I’ve always admired how much GDS students cared about social justice issues such as Ukraine and Afghan refugees, but when a 7.8 magnitude earthquake struck Turkey and Syria on Feb. 6, the GDS community seemed to turn a blind eye.
The earthquake displaced over 2.4 million people, destroyed over 200,000 buildings, caused $55 to $90 billion in property damage and killed over 50,000 people, according to Reuters. The damage caused in both countries is irreparable. Given the horrific circumstances, it’s shocking that students haven’t posted about it as much as the events in Ukraine, for example, on social media and are not engaging in conversation about the event. The GDS community should work to actively educate ourselves about this humanitarian crisis.
Students interviewed by the Bit recall seeing the event on the news when the earthquake immediately happened but did not see much follow-up. Junior Claire Simon said she has “heard almost nothing in mainstream U.S. media.”

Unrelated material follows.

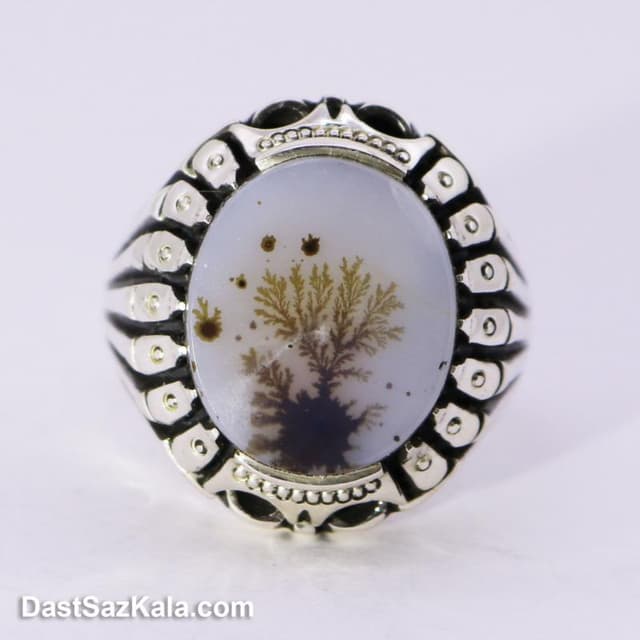 انگشتر نقره مردانه شجر اصل با رکاب ریخته تک درخت کد RN-20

Senior Lydia Kabiri said that in American news outlets, it is “hard to connect with less Christian, westernized beliefs” as there is a lack of attention to Middle Eastern issues in U.S. news. Kabiri brought up a fascinating point; we, as Americans, are more comfortable with uplifting stories that resonate more with our identities as Americans than we do with stories that are foreign to our ways of life. That is why it is our responsibility, not only as members of our school community but also as global citizens, to actively ensure that we are educating ourselves and others about issues that may not necessarily be as familiar as events in America.

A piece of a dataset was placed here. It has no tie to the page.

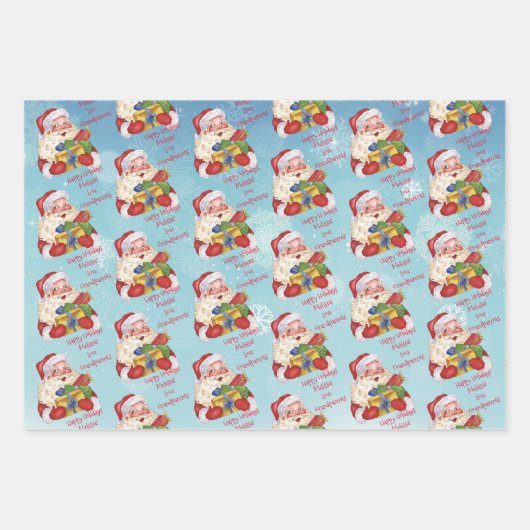 Aangepaste naam en boodschap voor kerstmis inpakpapier vel (Voorkant 2)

In an American Conservative article, Brad Hoff wrote that United Nations (U.N.) humanitarian officials, charity organizations, and church leaders are urging the immediate lifting of sanctions and argue that U.S.-led sanctions punish the Syrian people. The earthquake is relevant to the United States because while the U.S. sanctions do not directly restrict humanitarian aid, they have impeded the ability of Syria to receive the necessary aid to combat the earthquake, Aya Batrawy wrote in an NPR article.
Furthermore, the Go Fund Me website states that in order to comply with international sanctions, all donations given to Syria must be carefully reviewed by the Go Fund Me Trust and Safety team.
Following the earthquake in Turkey, the biggest in Turkey’s recorded history, the country received $1 billion in aid from the U.N., and while that has helped tremendously with the relief efforts, there are still millions of people living in dire situations.
Syria, one of the oldest civilizations in the world, has had a very different experience. Syria only received $397 million from the U.N.
According to an NBC article, only 5% of affected areas in Syria have been searched, whereas almost 80% of the rubble in Turkey has been searched. Syria simply does not have the funds or equipment to search impacted areas and rescue civilians.
So how should GDS students educate themselves on events like this earthquake? We can read more about it in the news, engage in conversation, post more about it on social media and find donation drives near us. Even though the earthquake has occurred so far from the country we call home, we have a responsibility as global citizens to learn about issues in the Middle East and help those who are struggling around the world. As members of our school community, we have the power to make the change that we seek in the world, even globally.